反日常系

日常派

髪を切りました

 インコのような顔で外を見る度に看護師が「タバコ外出ですか?」と聞いてくる。俺は煙草を喫まないと何度も言っているのに。おそらく、ヤニ切れの呆けた顔に俺の顔は似ているのだろうと思う。

 俺、という一人称に背伸びした少年の気持ちになる。俺という一人称はメンソレータムの薬用リップクリームみたいな、そういうツンとした幼さがある気がする。なぜ、俺は俺になったか? こういうことを書けば書くほど尻尾を引きずるように駄作を駄作たらしめている気がする。

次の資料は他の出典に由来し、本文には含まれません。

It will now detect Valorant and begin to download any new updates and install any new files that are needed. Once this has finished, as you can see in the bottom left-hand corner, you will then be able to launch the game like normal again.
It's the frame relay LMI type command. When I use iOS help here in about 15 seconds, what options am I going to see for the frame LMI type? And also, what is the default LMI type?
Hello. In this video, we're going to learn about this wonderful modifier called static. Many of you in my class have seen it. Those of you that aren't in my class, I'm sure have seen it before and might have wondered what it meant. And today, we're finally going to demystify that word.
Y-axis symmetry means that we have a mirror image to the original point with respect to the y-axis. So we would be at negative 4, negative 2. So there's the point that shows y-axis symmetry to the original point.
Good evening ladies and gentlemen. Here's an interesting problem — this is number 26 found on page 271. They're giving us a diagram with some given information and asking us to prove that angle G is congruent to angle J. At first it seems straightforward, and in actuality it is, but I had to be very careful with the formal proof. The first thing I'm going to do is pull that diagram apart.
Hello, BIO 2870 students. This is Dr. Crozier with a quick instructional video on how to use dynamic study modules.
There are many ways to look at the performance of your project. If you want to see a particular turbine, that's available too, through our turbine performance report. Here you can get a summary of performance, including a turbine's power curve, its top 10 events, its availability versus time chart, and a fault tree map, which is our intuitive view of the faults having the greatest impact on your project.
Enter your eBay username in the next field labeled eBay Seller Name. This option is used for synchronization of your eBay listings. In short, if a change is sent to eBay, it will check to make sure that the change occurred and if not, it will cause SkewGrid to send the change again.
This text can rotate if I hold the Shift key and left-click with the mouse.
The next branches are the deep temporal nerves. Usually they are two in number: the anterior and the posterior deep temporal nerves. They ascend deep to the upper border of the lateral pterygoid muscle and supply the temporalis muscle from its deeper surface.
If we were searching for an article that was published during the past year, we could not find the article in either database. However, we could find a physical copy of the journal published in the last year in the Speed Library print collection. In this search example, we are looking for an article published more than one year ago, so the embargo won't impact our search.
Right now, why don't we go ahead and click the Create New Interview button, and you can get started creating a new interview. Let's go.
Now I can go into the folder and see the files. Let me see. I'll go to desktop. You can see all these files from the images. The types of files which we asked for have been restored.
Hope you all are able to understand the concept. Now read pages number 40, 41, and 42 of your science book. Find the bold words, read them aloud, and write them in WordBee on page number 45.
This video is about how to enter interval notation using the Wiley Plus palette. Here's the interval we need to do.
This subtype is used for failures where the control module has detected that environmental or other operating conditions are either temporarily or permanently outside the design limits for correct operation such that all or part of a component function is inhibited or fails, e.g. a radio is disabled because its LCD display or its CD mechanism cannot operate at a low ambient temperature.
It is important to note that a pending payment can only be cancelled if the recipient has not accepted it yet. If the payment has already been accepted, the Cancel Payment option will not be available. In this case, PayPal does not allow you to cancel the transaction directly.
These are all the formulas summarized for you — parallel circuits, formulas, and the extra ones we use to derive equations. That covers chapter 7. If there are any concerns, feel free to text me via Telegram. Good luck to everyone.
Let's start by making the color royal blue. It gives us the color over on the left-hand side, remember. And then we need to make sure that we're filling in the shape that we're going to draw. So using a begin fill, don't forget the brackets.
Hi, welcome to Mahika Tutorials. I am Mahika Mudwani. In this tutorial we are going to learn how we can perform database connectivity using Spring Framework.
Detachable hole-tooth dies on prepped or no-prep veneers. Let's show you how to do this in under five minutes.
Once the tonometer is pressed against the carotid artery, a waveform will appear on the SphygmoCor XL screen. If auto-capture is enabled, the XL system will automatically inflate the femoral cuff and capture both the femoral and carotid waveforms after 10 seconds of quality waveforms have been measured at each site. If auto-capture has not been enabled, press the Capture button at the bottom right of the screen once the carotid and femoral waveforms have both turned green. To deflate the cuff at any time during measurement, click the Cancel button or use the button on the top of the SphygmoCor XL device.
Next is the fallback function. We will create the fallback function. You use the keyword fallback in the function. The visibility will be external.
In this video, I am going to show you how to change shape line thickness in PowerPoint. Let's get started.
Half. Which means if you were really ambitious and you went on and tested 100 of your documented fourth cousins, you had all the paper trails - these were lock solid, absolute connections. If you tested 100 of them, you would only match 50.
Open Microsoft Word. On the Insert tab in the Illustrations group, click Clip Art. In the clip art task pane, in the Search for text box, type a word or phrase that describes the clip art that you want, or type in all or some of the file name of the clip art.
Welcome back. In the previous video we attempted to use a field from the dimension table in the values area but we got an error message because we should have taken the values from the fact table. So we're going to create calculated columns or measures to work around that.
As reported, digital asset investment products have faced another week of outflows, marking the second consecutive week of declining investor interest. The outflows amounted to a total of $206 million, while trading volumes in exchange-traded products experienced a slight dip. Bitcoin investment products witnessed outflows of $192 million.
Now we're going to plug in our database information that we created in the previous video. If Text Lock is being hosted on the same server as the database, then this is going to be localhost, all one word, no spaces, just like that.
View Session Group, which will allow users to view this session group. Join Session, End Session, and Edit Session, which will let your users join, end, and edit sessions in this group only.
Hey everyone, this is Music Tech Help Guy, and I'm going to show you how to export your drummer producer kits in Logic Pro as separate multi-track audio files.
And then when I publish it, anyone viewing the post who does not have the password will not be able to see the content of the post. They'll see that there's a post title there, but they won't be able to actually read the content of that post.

 俺は影を嫌うように自己を嫌い、他者を嫌い、好き嫌いで言ったら嫌いの方が二十倍くらい多い。相手の眼中に入っていないのに、嫌悪や敵意を胸でいっぱいにして疲れる。その中でもずっと嫌いなのが、男性性である。男性が嫌いなわけではない。男性らしい男性が嫌いなわけではない。男らしさや男性の特徴を自分が纏うことを考えると、なんとも言えず嫌な気分になる。しかし、女性性を獲得することに努めたここ数年を通して至った境地とは、女性性に飽きたということである。正直、セクシャリティは曖昧なので、どちらにつくにしても自己嫌悪は変わらないということだった。女性性にも慣れ、女性かと思われることが誉め言葉でもなんでもなく思われ、ただただ飽きてしまった。女性性すら自己の中に入れば嫌悪の対象だった。

 簡単に自己を変えようと何回目かの決意をした。簡単なことから始めようとするのは勉強の前に掃除をする癖が抜けないせいだ。決意ができたのは、人と関わりがないからだと思う。ぼくの複雑というより曖昧なセクシャリティと内面は人に「女性になりたいんだね」とか、そういう捉えられ方をすることが多かった。そう言われる度、なんとも言えず肩身の狭い気持ちになり、自分の言葉は他者の脳内にない概念を理解させ、その中に概念を作る能力がないのだと思った。でも、今はさして関わりのある人がいない。というか、自分を女性、もしくは女性になりたい人と認識する人との関わりがないので、変えるなら今のうちだなと。

 誕生日になり、髪を切りました。ブログであまり髪を切りましたと言ったことがない気がする。それもそのはず、この数年ほとんど髪の毛を切っていない。ぼさぼさに伸び放題な髪の毛が視界を覆うので、いっそのこと、という過剰の気持ちで、失恋二回分くらいの髪の毛を切ってきた。そして俺は二十五歳になった。未だに男性性へは嫌悪がある。だから脱毛器を買おうと思う(こんな生活のことは言わない方が名文らしく思われるようである)。どこでもなく、自分でもないところを探し回って、結局は自分を愛せる場所を見つけられたらと思う。青い鳥のように、最初の場所をおさらいしてみることが答えになるのかもしれない。ぼくを俺にしたり、髪を切ったり、そういうことが大きな右折で、円を書くように元に戻っても、無駄なことは無駄なことを理解するために必要なのだ。俺思うゆえに俺あり。格好つけて、とげとげしくて、小型犬みたいな一人称だな。これから吠えよう。ドントトラストオーバーサーティーなんて言えるうちに。